Aim of the task:
In the entries that follow, locate the line with "Glas - Salatschalen, Salatteller, Kerzenschale, Gebäckteller", then restate that line and all later lines exactly as they appear, leaving pictures out.

*** Information provided ***

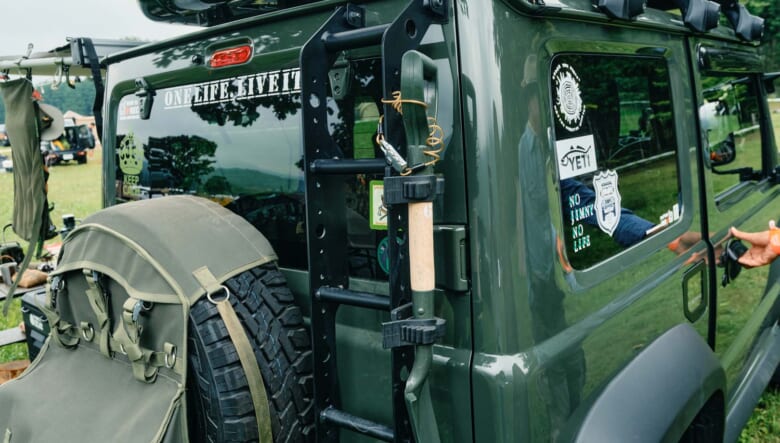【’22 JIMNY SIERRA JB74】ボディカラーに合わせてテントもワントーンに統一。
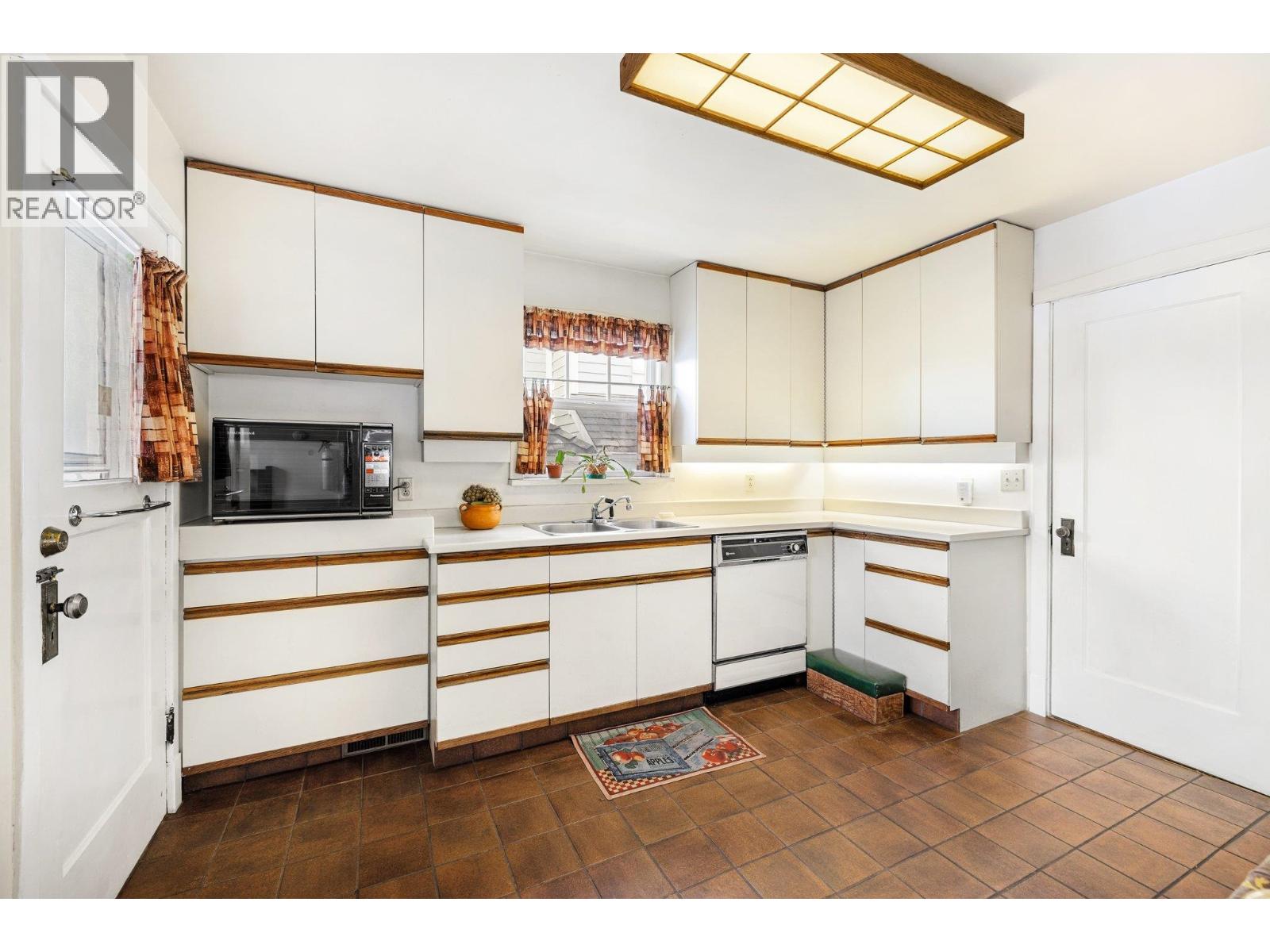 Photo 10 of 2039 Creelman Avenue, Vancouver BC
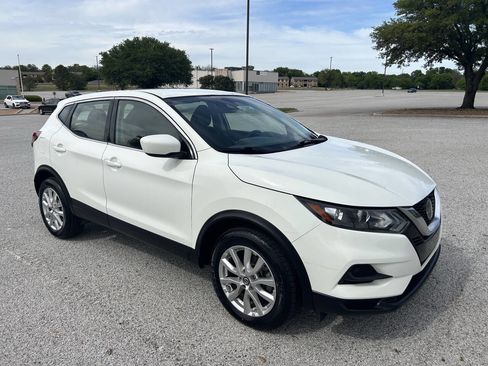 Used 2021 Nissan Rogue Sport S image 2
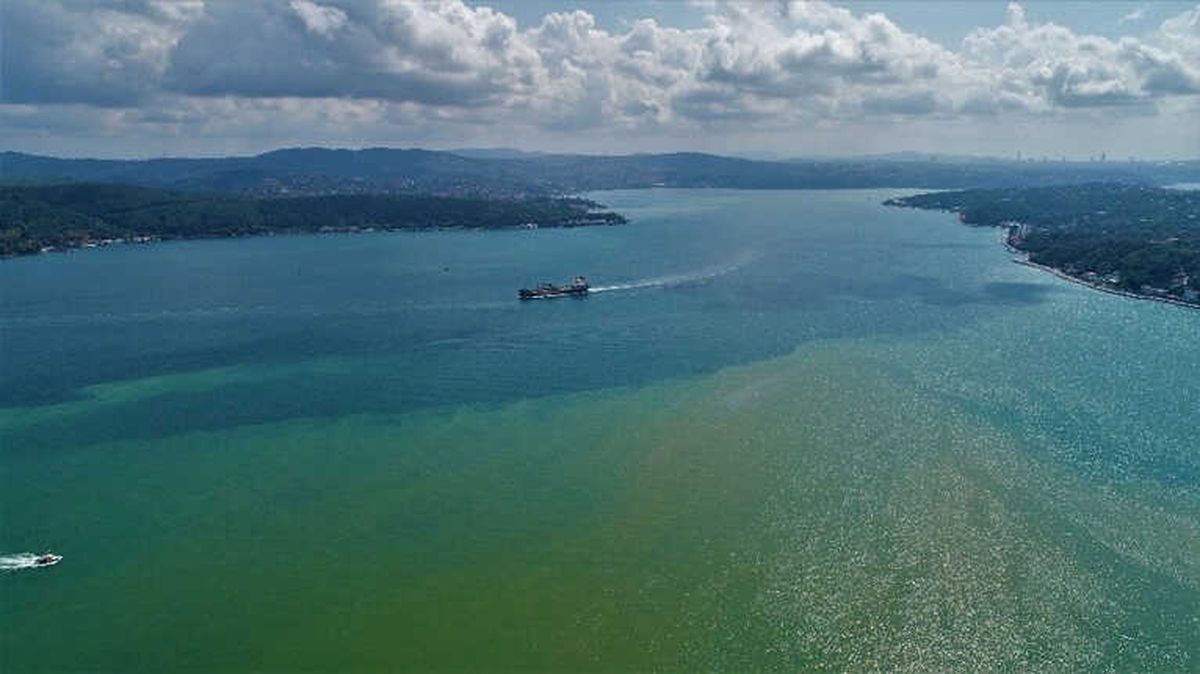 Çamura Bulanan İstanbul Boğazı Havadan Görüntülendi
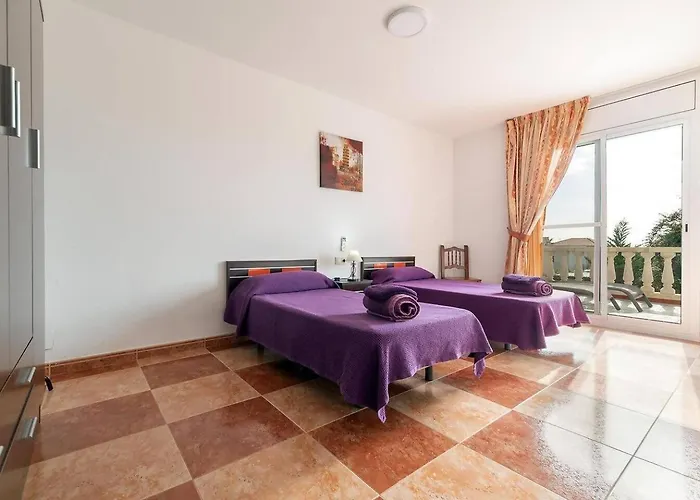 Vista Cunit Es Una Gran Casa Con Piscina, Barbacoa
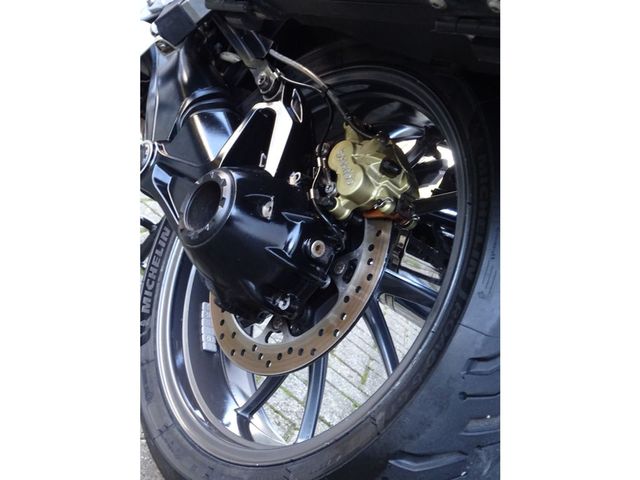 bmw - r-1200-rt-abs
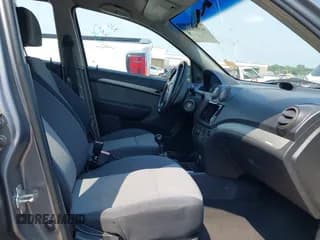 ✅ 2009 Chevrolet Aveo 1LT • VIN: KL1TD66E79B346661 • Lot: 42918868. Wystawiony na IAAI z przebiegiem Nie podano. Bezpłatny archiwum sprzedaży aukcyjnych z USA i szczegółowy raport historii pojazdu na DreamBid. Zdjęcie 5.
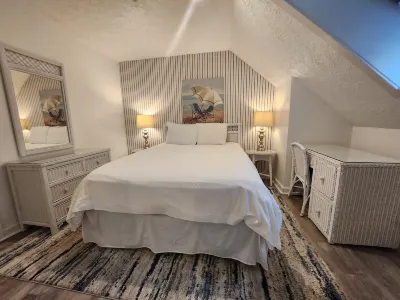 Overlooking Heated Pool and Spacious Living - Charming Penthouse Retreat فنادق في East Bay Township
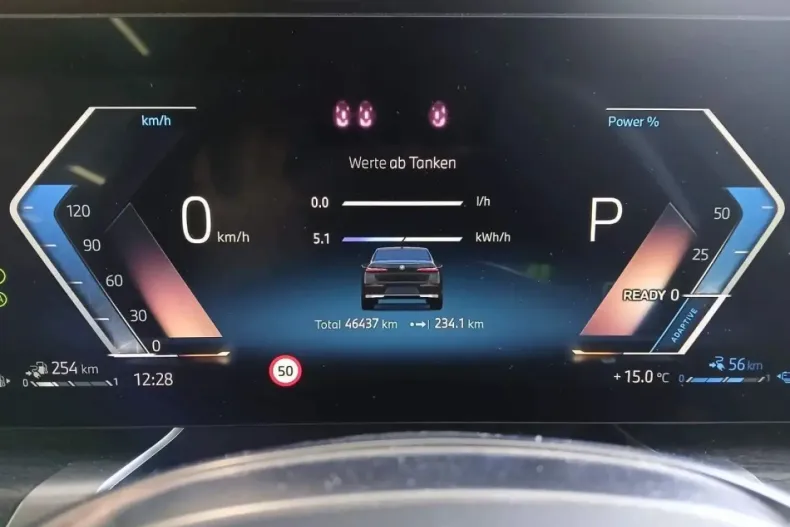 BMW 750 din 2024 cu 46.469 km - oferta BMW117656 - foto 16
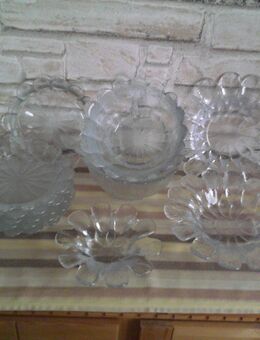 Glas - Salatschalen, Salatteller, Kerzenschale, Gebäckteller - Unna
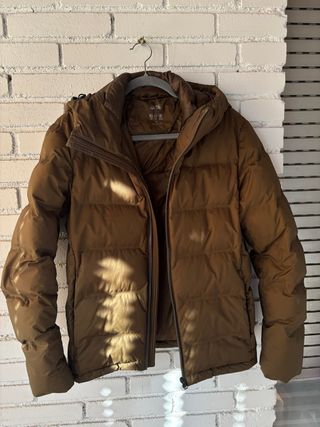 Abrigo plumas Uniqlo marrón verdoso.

*** End of Information provided ***

Reply:
 Glas - Salatschalen, Salatteller, Kerzenschale, Gebäckteller - Unna
 Abrigo plumas Uniqlo marrón verdoso.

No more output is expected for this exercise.